When I was a little kid, I thought being a waitress was glamorous. Ok, maybe not glamorous. That's not the word I am looking for. Maybe, fun? Yes, I thought being a waitress had to be the most fun job on the planet. I wanted to be one. And a waitress I became during my freshman year of college. I continued to be one as I went to school and got married. I joyfully quit the year I began my student-teaching. Notice I said, joyfully. Waitressing was not the fun I had thought it would be.
Now that I am a mom, waitressing is just a part of my past. Or so I thought.
During dinner dish-up, our oldest said with the same excitement she says most things, "I have a great idea, mom! You should pretend you are a waitress when you give us our food."
I laughed. I balked.
Then I shook my head in distaste, thinking of those long 8 hour days spent on my feet, juggling towering tray and 20 second refills and the cranky hunger growls of patrons. Those were the days when my shoes would curl from the kitchen grease, and the days when my eyelids grew heavy at the end of the night, and I would be absolutely buggy and would unintentionally draw out the counting of the money and the cleaning of the line and the filling of the salt shakers. Days when I would pass my husband on the road to work, needing to be okay that day with just a wave from our cars. And nights when my legs ached from being so long on my feet.

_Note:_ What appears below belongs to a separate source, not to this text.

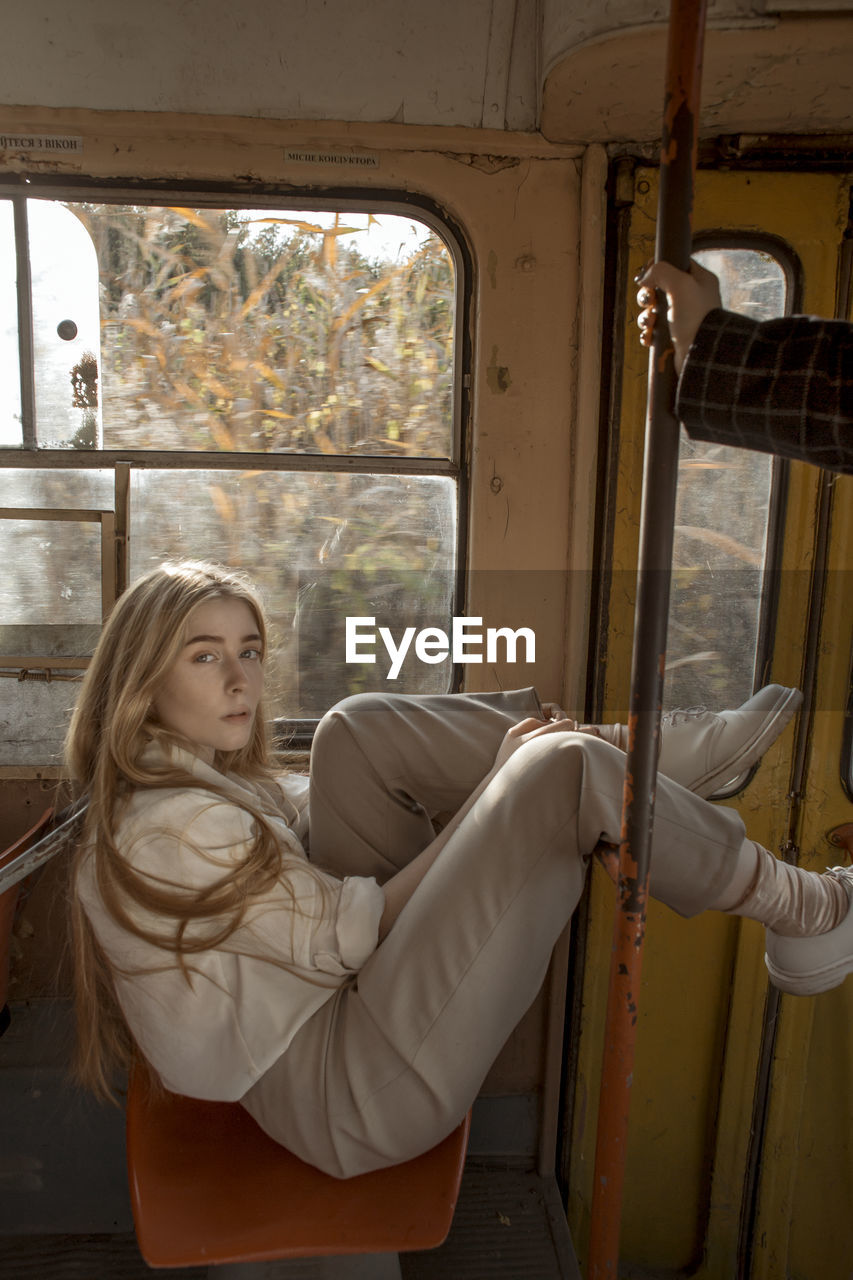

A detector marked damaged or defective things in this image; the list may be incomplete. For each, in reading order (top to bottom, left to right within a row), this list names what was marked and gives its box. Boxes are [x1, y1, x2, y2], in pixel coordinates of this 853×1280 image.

"No way," I say, and I mean it. And the game that could've been, never was, and we go on about our dinner.
I think about this the next day.
And the next.
And still a week--two weeks later--it haunts me, though I keep brushing it away.
This is a home where we have fixed rules for dinner time:
1. I am not a short-order cook
2. I do not want to be a short-order cook
3. You are not allowed to ask me to be a short order cook.
I don't think those are bad rules, but those rules were born out of my distaste for serving and I staunchly stand behind those rules, to a fault. The other rules for meal time include obtaining own water/milk and silverware.
So today, I break my own rules and I make it fun for the girls and I show them how to not be so set in ways that we can't bend and have fun every once in awhile. Since when did I become so narrow?
They get a choice and they love it and they circle with happiness and wait expectantly. They are happy and grateful for this change and to see mom having fun being the waitress.
Why would it be so beneath me to waitress to my young girls? Why would I let a precious moment slip so quickly away? A moment I could model being God's servant, however imperfect. A chance to show the girls how to graciously put others before ourselves, cheerfully because it's fun. Never before had I thought of serving as fun. I realize now that I need to change this old way of thinking, and instead see the fruit that could bear because of these acts of humility. As a mother, I have the best opportunity of anyone, to show the girls that serving can be--and is if we make it--fun.
Thank you God for the chance to be a waitress again. Thank you for allowing me the freedom to have fun as I work. Thank you for commanding me, in your Word, to love.